Re: [PATCH V33 24/30] bpf: Restrict bpf when kernel lockdown is in confidentiality mode
From: Andy Lutomirski <luto@kernel.org>
Date: 2019-06-29 23:48:10
Also in:
linux-security-module, lkml, netdev
On Fri, Jun 28, 2019 at 11:47 AM Matthew Garrett [off-list ref] wrote:
On Thu, Jun 27, 2019 at 4:27 PM Andy Lutomirski [off-list ref] wrote:quoted
They're really quite similar in my mind. Certainly some things in the "integrity" category give absolutely trivial control over the kernel (e.g. modules) while others make it quite challenging (ioperm), but the end result is very similar. And quite a few "confidentiality" things genuinely do allow all kernel memory to be read. I agree that finer-grained distinctions could be useful. My concern is that it's a tradeoff, and the other end of the tradeoff is an ABI stability issue.
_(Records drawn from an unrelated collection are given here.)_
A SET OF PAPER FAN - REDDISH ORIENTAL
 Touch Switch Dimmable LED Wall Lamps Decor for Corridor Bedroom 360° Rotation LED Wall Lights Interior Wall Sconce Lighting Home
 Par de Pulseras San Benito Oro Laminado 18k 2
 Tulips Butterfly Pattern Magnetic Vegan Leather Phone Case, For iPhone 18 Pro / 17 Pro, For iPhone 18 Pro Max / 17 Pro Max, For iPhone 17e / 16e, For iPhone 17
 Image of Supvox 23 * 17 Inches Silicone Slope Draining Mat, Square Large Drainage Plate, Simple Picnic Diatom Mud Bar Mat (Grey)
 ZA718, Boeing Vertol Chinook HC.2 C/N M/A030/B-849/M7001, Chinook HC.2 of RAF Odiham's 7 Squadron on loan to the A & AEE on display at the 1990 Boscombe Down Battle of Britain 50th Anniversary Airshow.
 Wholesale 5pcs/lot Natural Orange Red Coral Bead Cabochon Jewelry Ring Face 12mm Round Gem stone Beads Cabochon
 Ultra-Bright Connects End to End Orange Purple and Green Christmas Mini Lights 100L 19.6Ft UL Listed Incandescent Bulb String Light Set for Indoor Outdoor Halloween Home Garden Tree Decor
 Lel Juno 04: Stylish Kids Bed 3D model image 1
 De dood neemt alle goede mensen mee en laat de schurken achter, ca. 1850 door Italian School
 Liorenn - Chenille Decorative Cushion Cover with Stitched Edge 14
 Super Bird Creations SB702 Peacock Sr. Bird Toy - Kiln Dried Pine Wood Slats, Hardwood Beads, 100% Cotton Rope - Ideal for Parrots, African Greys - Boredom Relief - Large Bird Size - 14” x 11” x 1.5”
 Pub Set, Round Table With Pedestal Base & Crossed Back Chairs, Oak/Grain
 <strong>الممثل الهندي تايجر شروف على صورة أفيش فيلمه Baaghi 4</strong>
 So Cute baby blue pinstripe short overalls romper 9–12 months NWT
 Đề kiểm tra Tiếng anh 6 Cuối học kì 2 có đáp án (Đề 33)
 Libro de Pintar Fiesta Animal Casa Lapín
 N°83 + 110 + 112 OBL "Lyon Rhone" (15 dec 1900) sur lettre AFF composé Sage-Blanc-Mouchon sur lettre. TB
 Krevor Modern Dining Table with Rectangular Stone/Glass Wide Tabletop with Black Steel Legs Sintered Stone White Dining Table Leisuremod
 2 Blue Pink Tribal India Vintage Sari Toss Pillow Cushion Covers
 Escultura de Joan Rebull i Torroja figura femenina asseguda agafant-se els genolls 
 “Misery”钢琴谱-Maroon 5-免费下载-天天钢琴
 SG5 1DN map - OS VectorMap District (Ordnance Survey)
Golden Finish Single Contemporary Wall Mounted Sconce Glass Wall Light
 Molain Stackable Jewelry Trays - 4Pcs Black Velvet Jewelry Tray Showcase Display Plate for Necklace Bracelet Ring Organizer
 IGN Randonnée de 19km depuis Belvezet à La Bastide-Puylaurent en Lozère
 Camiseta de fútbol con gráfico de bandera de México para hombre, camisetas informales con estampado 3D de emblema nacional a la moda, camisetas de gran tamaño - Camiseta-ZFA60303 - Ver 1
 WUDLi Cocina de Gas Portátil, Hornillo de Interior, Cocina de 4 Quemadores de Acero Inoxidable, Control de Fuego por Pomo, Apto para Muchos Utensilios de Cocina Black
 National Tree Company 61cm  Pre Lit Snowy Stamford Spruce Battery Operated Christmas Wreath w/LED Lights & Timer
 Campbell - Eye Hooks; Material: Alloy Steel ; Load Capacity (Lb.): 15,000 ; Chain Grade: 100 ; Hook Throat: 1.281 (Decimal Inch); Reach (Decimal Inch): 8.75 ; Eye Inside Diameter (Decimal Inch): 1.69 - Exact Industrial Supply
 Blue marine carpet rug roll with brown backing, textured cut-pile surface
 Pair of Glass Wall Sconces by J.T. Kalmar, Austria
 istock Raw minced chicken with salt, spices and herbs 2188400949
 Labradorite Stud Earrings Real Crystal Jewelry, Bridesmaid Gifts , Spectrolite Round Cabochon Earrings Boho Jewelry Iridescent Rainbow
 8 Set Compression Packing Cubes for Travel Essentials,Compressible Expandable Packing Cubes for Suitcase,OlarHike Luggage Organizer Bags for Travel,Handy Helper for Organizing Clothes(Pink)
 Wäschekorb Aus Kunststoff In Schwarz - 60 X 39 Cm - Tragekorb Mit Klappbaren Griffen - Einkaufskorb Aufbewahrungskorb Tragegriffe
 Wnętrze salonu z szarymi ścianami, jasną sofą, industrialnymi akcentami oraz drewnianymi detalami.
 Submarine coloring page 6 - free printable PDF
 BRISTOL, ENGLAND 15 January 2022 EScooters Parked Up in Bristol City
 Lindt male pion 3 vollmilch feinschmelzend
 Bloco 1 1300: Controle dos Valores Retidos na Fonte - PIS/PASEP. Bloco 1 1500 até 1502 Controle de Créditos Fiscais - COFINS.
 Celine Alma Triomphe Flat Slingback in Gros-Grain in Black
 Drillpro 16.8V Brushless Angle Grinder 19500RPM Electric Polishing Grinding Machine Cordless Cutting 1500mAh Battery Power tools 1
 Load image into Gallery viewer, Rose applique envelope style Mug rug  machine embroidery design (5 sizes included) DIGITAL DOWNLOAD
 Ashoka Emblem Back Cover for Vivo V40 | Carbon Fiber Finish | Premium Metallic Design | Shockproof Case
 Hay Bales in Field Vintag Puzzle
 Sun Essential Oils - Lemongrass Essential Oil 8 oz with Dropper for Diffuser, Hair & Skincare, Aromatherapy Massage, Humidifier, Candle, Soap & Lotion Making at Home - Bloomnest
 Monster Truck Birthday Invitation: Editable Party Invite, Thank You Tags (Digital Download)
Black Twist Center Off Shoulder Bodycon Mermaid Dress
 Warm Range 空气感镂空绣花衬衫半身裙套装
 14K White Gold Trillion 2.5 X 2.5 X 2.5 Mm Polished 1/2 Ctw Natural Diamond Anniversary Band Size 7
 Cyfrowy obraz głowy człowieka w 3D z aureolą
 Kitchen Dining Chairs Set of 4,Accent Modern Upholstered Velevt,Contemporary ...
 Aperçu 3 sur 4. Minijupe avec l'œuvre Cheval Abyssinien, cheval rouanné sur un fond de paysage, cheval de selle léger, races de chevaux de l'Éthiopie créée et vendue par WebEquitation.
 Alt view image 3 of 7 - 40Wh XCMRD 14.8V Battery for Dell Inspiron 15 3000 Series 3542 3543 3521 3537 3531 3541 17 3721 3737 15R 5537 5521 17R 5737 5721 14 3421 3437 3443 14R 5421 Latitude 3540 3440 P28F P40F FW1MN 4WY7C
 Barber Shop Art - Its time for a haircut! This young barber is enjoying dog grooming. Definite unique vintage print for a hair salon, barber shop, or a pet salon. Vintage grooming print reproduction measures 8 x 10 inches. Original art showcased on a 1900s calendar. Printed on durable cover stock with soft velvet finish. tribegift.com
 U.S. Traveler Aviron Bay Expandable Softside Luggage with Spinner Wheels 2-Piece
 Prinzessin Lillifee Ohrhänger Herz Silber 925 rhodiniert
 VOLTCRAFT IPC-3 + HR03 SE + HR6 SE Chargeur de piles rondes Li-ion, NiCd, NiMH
If someone decides down the road that some feature that is currently "integrity" can be split into a narrow "integrity" feature and a "confidentiality" feature then, if the user policy knows about the individual features, there's a risk of breaking people's systems. If we keep the fine-grained control, do we have a clear compatibility story?My preference right now is to retain the fine-grained aspect of things in the internal API, simply because it'll be more annoying to add it back later if we want to. I don't want to expose it via the Lockdown user facing API for the reasons you've described, but it's not impossible that another LSM would find a way to do this reasonably. Does it seem reasonable to punt this discussion out to the point where another LSM tries to do something with this information, based on the implementation they're attempting?
I think I can get behind this, as long as it's clear to LSM authors that this list is only a little bit stable. I can certainly see the use for the fine-grained info being available for auditing.